Part of that is the crappy AF focus screens in most cameras these days that make f/8 look as bright as f/1.2. That's nice, but even with my better than 20/20 vision, I can't focus worth a damn using them. Pop in a super precision matte screen and it makes MF a joy once again even at f/2. Of course, that's not easily done with the newer cameras.


----------



## Marsu42 (Aug 22, 2014)

privatebydesign said:


> I am mostly one shot AF, but when I use Servo I have "Back Button OFF" for AF not back button ON, I find I get better results and my thumb doesn't work a fraction as hard.



That's interesting and worth starting this thread alone, I'll try that - I've always been wondering what this "af stop" setting was really about :-o



mackguyver said:


> Part of that is the crappy AF focus screens in most cameras these days that make f/8 look as bright as f/1.2. That's nice, but even with my better than 20/20 vision, I can't focus worth a damn using them.



Good to hear I'm not alone with this problem :-\ ... the vf of my old eos film camera is magnitudes better than my 6d for mf. I also cannot exchange the focus screen as my f4+ lenses would be too dark, and I need the grid screen to get the camera lined up ("horizontally challenged").


----------



## mackguyver (Aug 22, 2014)

Marsu42 said:


> Good to hear I'm not alone with this problem :-\ ... the vf of my old eos film camera is magnitudes better than my 6d for mf. I also cannot exchange the focus screen as my f4+ lenses would be too dark, and I need the grid screen to get the camera lined up ("horizontally challenged").


I found the "dark viewfinder" to less of an issue than it sounds like. The only issue I ever had with my 5DII & 60D with the super precision matte was when I was at f/11 with my 400 f/5.6 + 2x extender. That was pretty dark and hard to focus. I'm very fortunate in regards to horizons (most of the time), but your affliction is a very common one


----------



## Actionpix (Aug 22, 2014)

katzeyeoptics.com has good focus screens. They work like it was before AF with a split prism. But how good is your eyeball? Some people believe they can do better than their camera. I doubt that.
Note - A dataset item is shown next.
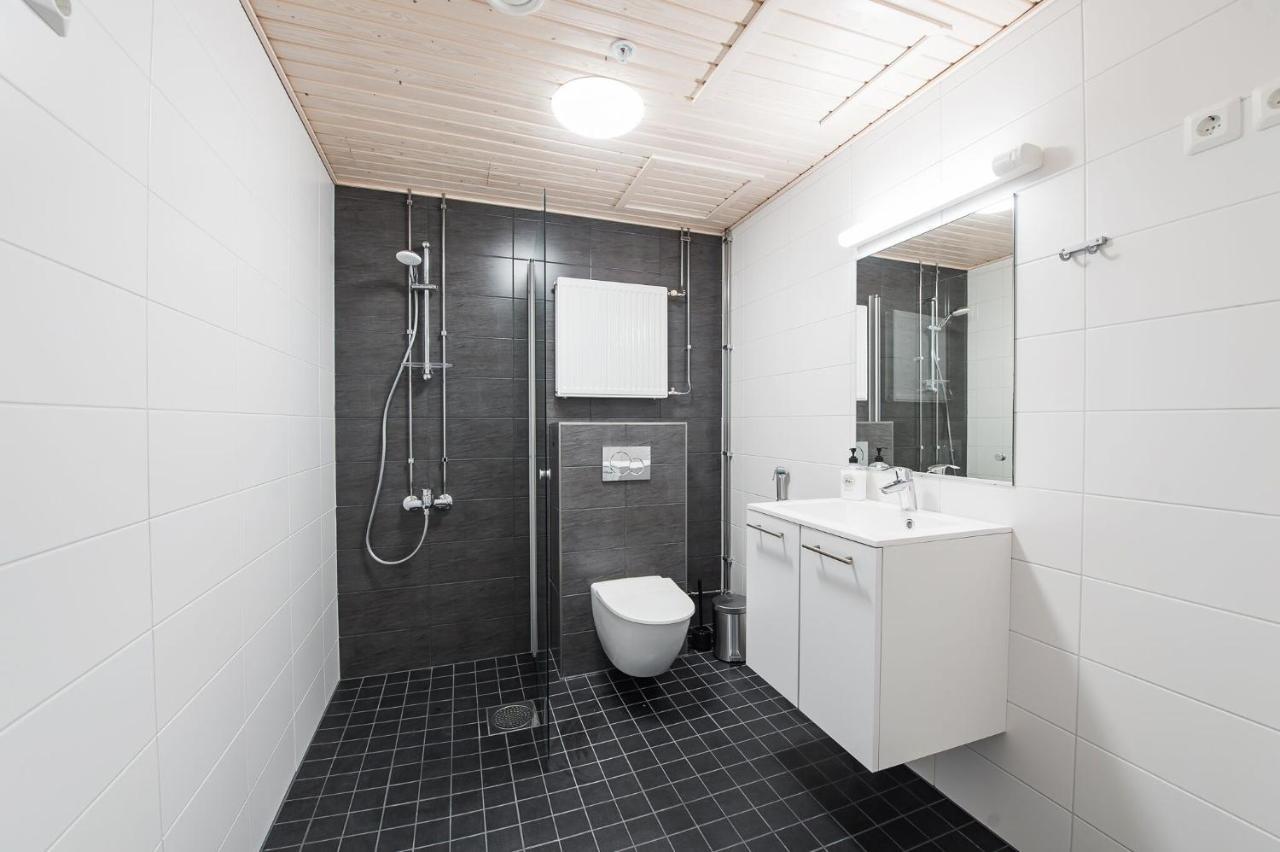 Forenom Serviced Apartments Vantaa Neilikkatie Buitenkant foto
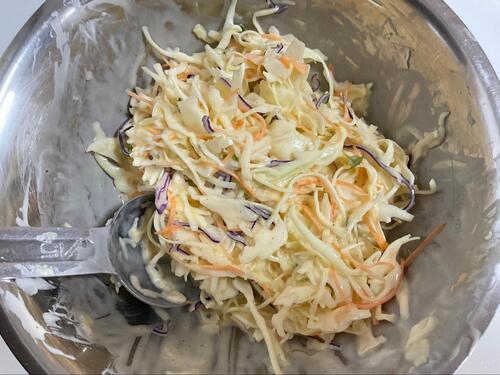 カット野菜を投入し、よく混ぜる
When I use MF I do it in live view. In live view I can zoom in. For example when I make landscape with a tilted lens. Or when I realy want the best focus possible on a part of an image. I use AF in live view than. Normal AF checks distance and sends a focus signal to the lens. The result is not evaluated though. You are not sure the result of this is a sharp image on the sensor. Also there is no garanty a sharp image in the viewfinder results in a sharp image on the sensor. In live view it is. But mostly I just let the camera and lens do the job. I have my camera settings tweaked for that. Most problems with focus are just wrong setting for the kind of images you shoot.


----------



## Marsu42 (Aug 22, 2014)

Actionpix said:


> But how good is your eyeball? Some people believe they can do better than their camera. I doubt that.



I know I can mf better than my camera's for handheld macro, i.e. when the camera and/or the object are not steady. Not because my eyesight is better than the latest japanese tech, but because the lag between mf+press shutter button is shorter than af lock + picture taken. If I try to one-short af in these cases, the focus has changed already.

For other occasions esp. f2.8- at closer distances, I would speculate that I'm at least as good as my camera simply the 6d's af is so bad with fast lenses.


----------



## jdramirez (Aug 23, 2014)

If my target its stationary, I have no issues busting out the manual focus... but it is when I don't know what to expect... then I'll heavily rely on af. 

I really like shooting in manual, I feel a connection to the cameras and photographers in the past...


----------